Le retour de l’inflation de part et d’autre de l’Atlantique pousse les banquiers centraux à ressortir l’arme des taux d’intérêt. Jean-Paul Pollin explique en quoi les banques centrales font face à leurs responsabilités, et esquisse les pistes possibles.
Dès le début de la pandémie, quand on a commencé à percevoir l’ampleur de ses conséquences, la plupart des économistes ont plaidé en faveur d’un soutien vigoureux à la demande globale. En ce sens la politique monétaire se devait surtout d’apporter son concours à l’action, donc au financement, de la politique budgétaire. Car la faiblesse des taux d’intérêt et d’inflation laissait trop peu de marges de manœuvre aux banques centrales.
Au point que certains avaient évoqué l’idée, aujourd’hui risible, d’une distribution directe de monnaie aux particuliers (la « monnaie hélicoptère ») pour stimuler la demande et éloigner le spectre de l’inflation. Rares étaient ceux qui faisaient valoir que la combinaison d’un choc d’offre négatif (du fait de la désorganisation de la production, du report des investissements, de pertes de compétences…) et d’un choc de demande positif (stimulation budgétaire, désépargne…) pouvait déboucher à la fois sur un recul de l’activité et sur de l’inflation. Or c’est bien ce scénario qui s’est concrétisé.
La crainte de la déflation relevait d’une erreur d’analyse, mais cette erreur a eu le grand mérite d’amener les banques centrales à soutenir sans réticences les politiques budgétaires, c’est-à-dire à accepter leur « dominance » et à ressortir les instruments non conventionnels qu’elles avaient forgés quelque temps auparavant pour sortir de la Grande Récession. Pourquoi ne pas accompagner le laxisme budgétaire puisqu’il était dit que la stabilité des prix n’était pas en danger ? Ce fut très utile, et lorsque les premiers signes d’inflation se sont manifestés, les autorités monétaires ont été au premier rang pour déclarer qu’il s’agissait de mouvements transitoires qui n’avaient pas vocation à s’autoalimenter.
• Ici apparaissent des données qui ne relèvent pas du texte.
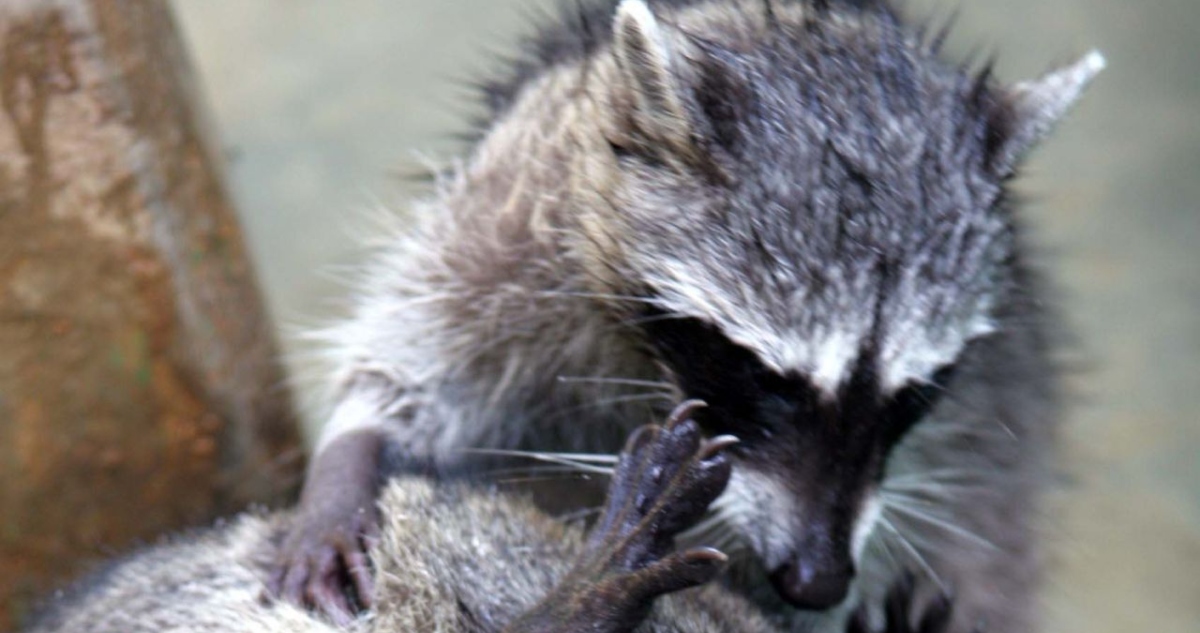 El ISSSTE reportó el avistamiento de tres mapaches en un hospital de Acapulco.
L’argument a rassuré mais il peine désormais à convaincre. Après avoir cédé sur leur indépendance, les banques centrales ne peuvent maintenant sacrifier leur crédibilité. Face à des hausses qui persistent, elles sortent du déni d’inflation en ordre dispersé. Ce qui ne sera pas sans difficulté ou du moins sans soulever des interrogations.